An analogy might help. Say that every time James Naismith played basketball, he did a truly exemplary job of scrupulously following the rules of basketball (that he himself had developed). We could say that Naismith follows the rules; you could even tell people to look to Naismith as an example of how to play basketball correctly.

That's not the same as saying that anything Naismith does is basketball by definition. The rules are the rules and are not defined by Naismith's behavior; it may even be possible to learn and follow the rules without knowing Naismith.

Now, to complicate matters, consider a game where Naismith is the referee. Somebody could very easily get confused and think that because Naismith created the rules for basketball and everyone is doing what Naismith says, that the rules for basketball must be whatever he says. That's not true, and we know that people are obeying Naismith not because he created the rules but because he's the ref, and the rules include provisions to obey the ref.

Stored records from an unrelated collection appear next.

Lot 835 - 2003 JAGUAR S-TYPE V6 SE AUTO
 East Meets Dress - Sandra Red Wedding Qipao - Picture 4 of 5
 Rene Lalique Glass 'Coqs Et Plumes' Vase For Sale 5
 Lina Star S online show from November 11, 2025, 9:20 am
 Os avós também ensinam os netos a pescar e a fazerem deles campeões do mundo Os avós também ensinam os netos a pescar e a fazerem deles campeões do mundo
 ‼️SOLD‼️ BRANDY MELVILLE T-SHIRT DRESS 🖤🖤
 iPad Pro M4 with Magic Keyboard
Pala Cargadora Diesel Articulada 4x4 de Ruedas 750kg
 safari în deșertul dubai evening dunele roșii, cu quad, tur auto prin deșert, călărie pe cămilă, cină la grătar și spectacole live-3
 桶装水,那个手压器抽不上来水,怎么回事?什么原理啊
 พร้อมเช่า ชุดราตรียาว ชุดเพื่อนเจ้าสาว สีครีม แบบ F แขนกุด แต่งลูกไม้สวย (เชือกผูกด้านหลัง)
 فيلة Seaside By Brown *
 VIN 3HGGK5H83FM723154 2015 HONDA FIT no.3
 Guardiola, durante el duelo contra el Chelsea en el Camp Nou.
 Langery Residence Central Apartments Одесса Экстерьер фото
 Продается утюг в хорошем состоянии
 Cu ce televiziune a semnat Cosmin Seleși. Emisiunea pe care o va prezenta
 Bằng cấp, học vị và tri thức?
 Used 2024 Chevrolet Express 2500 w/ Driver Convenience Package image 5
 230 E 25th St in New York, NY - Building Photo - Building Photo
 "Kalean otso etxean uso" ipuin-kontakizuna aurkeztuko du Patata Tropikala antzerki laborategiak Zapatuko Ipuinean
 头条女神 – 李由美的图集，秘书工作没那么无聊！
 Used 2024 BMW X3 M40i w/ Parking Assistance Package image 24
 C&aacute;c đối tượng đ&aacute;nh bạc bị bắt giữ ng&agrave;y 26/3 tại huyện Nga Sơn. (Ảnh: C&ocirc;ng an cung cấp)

My understanding of morality in Christianity is similar to this situation. God created morality, but morality is now a part of the universe separate from God. Nonetheless, God also has a role to play in the universe and we have moral responsibilities to Him. And He is perfectly moral not by definition but rather by His nature when compared against the objective morality.
That is a good analogy because it highlights the idea that at some level, the rules are malleable and attached to a judging authority.

"Look here God. Right here. You see where these rules are inconsistent and lead to consequences that contradict the spirit of the game?"
"Well, yes, of course I do, I'm omniscient."
"How about you change those?"
"But then it wouldn't be the same game at all."
"This game sucks."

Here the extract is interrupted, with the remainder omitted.